Entries shown —
□ □ □ □ □

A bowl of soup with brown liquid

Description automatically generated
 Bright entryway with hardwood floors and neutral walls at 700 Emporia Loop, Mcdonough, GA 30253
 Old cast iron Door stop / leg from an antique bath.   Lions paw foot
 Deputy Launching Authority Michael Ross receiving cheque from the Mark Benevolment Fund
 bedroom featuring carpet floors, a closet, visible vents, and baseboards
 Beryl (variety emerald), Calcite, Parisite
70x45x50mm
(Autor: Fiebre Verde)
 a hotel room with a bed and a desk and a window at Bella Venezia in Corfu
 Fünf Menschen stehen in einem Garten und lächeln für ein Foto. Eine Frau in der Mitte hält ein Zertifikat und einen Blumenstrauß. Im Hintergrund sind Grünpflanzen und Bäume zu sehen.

□ □ □ □ □

Having found the line that contains "a hotel room", set down that line and all the rest through the end of the records, exactly.

Solution to the problem —
 a hotel room with a bed and a desk and a window at Bella Venezia in Corfu
 Fünf Menschen stehen in einem Garten und lächeln für ein Foto. Eine Frau in der Mitte hält ein Zertifikat und einen Blumenstrauß. Im Hintergrund sind Grünpflanzen und Bäume zu sehen.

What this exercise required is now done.